To be clear, we did not sign the Guild’s Code of Conduct, which was unacceptable to us from the start. But we were able to find a path forward that works for both UTA and the WGA. The highlights of our agreement include compromises on the issues of packaging, affiliate production, independent film financing and, most important to UTA, the protection of your confidential information.

This agreement continues to protect your confidential contract and financial information, which was critical to us. This is information the Guild had insisted we hand over to them whether you consented or not, and it was a core sticking point. We expressed willingness to provide contract information but only if you do not object. Our agreement is that if you tell us not to provide your contract information to the Guild, we will not do so. Without this, UTA would not have made this agreement.

We have agreed to eliminate the practice of packaging starting two years from now. We did so despite the long history of packaging that has provided immense benefits to writers, actors, directors and other artists. We made this agreement on the condition that this provision takes effect only if the Guild reaches a similar arrangement with one of the other major talent agencies.

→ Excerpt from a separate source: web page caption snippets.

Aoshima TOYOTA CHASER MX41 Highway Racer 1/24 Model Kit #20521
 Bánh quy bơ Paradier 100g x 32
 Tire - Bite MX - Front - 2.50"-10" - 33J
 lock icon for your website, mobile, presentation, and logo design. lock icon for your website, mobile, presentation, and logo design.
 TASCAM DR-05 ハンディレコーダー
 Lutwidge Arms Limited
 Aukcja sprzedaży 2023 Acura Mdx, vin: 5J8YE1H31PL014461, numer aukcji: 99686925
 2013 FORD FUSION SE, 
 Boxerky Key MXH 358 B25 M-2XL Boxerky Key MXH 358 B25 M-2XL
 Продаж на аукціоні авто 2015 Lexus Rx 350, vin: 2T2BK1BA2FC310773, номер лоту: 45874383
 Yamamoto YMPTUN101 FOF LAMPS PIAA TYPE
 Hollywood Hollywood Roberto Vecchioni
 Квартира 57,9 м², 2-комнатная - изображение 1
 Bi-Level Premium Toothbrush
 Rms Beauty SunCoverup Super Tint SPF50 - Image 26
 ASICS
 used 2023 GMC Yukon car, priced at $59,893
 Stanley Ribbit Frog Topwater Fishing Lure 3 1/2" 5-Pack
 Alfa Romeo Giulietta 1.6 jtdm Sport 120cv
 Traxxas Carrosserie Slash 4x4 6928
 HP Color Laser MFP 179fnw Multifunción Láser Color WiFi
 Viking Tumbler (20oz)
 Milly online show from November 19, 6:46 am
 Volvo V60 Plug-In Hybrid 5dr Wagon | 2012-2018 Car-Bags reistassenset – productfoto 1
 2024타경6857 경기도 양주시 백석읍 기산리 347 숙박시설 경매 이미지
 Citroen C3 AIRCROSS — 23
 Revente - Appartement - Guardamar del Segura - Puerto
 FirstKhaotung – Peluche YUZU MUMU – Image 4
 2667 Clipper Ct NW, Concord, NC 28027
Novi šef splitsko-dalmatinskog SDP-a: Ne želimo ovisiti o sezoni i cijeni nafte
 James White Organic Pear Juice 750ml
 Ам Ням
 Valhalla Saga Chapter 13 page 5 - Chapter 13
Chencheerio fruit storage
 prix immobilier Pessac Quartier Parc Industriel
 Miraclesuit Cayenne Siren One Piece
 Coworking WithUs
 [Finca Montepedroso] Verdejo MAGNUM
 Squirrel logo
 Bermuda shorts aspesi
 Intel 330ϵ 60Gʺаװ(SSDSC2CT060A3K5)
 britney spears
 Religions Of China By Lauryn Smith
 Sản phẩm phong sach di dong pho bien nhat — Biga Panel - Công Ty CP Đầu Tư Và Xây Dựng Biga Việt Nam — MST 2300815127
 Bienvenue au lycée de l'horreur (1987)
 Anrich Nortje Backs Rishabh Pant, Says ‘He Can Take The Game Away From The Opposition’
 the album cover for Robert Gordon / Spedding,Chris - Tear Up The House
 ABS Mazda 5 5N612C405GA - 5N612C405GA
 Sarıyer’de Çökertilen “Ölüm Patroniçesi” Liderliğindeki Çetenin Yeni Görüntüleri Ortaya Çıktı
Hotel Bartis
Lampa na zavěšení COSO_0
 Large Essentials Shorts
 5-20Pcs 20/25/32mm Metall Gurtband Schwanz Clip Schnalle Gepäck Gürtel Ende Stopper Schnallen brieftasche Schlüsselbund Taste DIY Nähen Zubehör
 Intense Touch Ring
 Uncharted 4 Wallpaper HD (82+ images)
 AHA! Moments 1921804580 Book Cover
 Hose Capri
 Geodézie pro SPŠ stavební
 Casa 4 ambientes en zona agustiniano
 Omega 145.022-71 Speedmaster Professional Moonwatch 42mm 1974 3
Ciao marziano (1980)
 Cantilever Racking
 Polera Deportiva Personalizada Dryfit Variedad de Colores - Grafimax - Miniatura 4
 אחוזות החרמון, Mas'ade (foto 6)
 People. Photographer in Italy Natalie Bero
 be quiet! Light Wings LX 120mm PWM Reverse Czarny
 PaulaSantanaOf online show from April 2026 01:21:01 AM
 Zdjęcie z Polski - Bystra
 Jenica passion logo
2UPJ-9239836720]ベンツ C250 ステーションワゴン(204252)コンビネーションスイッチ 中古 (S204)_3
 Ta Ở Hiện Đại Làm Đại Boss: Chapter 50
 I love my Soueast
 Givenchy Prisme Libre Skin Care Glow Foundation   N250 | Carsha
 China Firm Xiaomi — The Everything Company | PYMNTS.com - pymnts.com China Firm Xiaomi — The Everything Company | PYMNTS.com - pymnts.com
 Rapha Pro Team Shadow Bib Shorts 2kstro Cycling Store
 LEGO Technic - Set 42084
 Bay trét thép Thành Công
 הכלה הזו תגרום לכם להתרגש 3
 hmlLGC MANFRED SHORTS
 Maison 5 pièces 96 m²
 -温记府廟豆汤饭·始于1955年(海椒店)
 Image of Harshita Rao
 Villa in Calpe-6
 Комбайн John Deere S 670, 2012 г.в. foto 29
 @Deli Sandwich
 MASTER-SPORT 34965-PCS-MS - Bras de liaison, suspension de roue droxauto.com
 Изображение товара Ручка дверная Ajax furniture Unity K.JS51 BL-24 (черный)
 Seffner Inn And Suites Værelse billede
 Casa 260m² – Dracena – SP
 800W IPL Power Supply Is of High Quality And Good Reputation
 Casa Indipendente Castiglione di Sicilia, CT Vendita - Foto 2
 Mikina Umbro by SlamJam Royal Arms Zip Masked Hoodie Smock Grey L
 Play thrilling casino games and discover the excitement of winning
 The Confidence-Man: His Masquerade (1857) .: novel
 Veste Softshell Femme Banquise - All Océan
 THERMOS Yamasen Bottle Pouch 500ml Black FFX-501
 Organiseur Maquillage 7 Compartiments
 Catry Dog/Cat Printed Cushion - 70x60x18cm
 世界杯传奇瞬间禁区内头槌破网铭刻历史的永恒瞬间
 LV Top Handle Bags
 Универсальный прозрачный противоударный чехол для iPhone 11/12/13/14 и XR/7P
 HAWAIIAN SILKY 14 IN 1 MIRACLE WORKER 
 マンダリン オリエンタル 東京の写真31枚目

UTA will maintain its involvement in our existing production entities, protecting our ability to provide financial terms for you that are stronger and more beneficial than legacy production entities can offer. We have agreed to cap our minority profit participation and not launch any majority-owned production studio, which are steps we did not ever intend to take.

We also mutually agreed to dismiss our respective legal actions. This includes the litigation launched by the WGA leadership against the major agencies in the moments when this dispute began and the defensive lawsuit we filed against the Guild in response.

Our commitments were squarely aimed at delivering what’s needed most right now: returning writers and agents to their natural role as partners, so we can together face a business stirring with historic levels of uncertainty. This is a time to get people back to work and some sense of normalcy. You deserve that.

UTA made its name in its earliest days, in large part, as a literary agency. Today, we are a strong, thriving, global company that advocates powerfully and effectively for writers and all artists. This agreement ensures we can continue to play that role for you. And in this moment when the world so clearly needs to be lifted up by powerful stories, we look forward to rejoining one another.

As we begin again, we do so with hopes that you and your loved ones are safe.